*ABOUT THIS TASK*
Please return only the lines from the one holding "3-бөлмелі пәтер ·" through the one holding "Bandolera PRÜNE - Talla", exactly as they appear in the records below, both ends included.

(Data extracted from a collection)
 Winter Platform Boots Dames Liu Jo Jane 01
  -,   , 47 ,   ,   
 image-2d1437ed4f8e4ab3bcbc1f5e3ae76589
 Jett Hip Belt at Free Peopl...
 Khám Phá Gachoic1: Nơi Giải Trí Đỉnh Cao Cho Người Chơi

==

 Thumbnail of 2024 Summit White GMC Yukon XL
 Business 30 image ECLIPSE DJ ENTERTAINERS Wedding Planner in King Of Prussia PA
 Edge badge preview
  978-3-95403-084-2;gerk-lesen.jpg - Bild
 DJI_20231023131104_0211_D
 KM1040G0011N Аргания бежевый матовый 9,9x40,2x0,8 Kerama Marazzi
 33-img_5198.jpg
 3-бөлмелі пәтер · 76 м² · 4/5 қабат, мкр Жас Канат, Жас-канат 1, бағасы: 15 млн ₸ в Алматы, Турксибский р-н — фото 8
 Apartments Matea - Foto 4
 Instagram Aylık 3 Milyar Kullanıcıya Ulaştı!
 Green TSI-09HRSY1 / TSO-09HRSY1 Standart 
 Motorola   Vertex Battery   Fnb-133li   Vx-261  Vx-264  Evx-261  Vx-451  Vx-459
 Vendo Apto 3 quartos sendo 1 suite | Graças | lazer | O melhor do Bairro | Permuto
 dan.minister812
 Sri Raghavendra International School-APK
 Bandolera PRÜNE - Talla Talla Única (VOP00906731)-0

*WRITTEN ANSWER*
 3-бөлмелі пәтер · 76 м² · 4/5 қабат, мкр Жас Канат, Жас-канат 1, бағасы: 15 млн ₸ в Алматы, Турксибский р-н — фото 8
 Apartments Matea - Foto 4
 Instagram Aylık 3 Milyar Kullanıcıya Ulaştı!
 Green TSI-09HRSY1 / TSO-09HRSY1 Standart 
 Motorola   Vertex Battery   Fnb-133li   Vx-261  Vx-264  Evx-261  Vx-451  Vx-459
 Vendo Apto 3 quartos sendo 1 suite | Graças | lazer | O melhor do Bairro | Permuto
 dan.minister812
 Sri Raghavendra International School-APK
 Bandolera PRÜNE - Talla Talla Única (VOP00906731)-0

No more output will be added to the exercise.